Foxhall, Lois Sager, 1917-1989

Born to Emory H. Sager and Irene Kelly Sager in Memphis, Texas, Lois Sager Foxhall (1917-1989) was a Dallas Morning News journalist and served as one of the first female war correspondents during World War II. After graduating from Childress High School, Foxhall attended Texas State College for Women (now Texas Woman’s University), before transferring to the University of Texas at Austin, where she received her bachelor’s degree in Communications in 1939 and was a member of the Kappa Alpha Theta sorority. Following her graduation, she worked in UT Austin’s Department of Public Relations.

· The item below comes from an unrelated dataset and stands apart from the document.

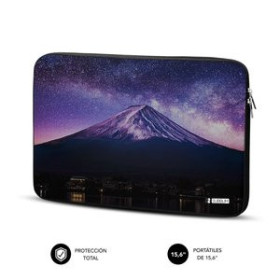 Transporte de equipos FUNDA PORTATIL SUBBLIM TRENDY NEO MOUNTAIN 15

Foxhall began her career as a journalist in the mid-1930s, initially writing for her hometown newspaper, the Childress Daily Index . In 1943, she was hired as a reporter for the Dallas Morning News . She gained a great deal of acclaim after authoring a series of articles on juvenile delinquency during wartime, which were later reprinted as a pamphlet by UT Austin’s Hogg Foundation. During World War II, she became the first foreign female war correspondent from the Southwest U.S. after the Dallas Morning News sent her on assignment to Europe. Foxhall wrote on a wide range of economic and social issues, including rehabilitation and reconstruction in Germany as well as the response of the United Nations and the Nuremberg Trials. Headquartered in Weisbaden, Germany, she traveled throughout East Germany and other European countries, interviewing refugees, the displaced, and American soldiers.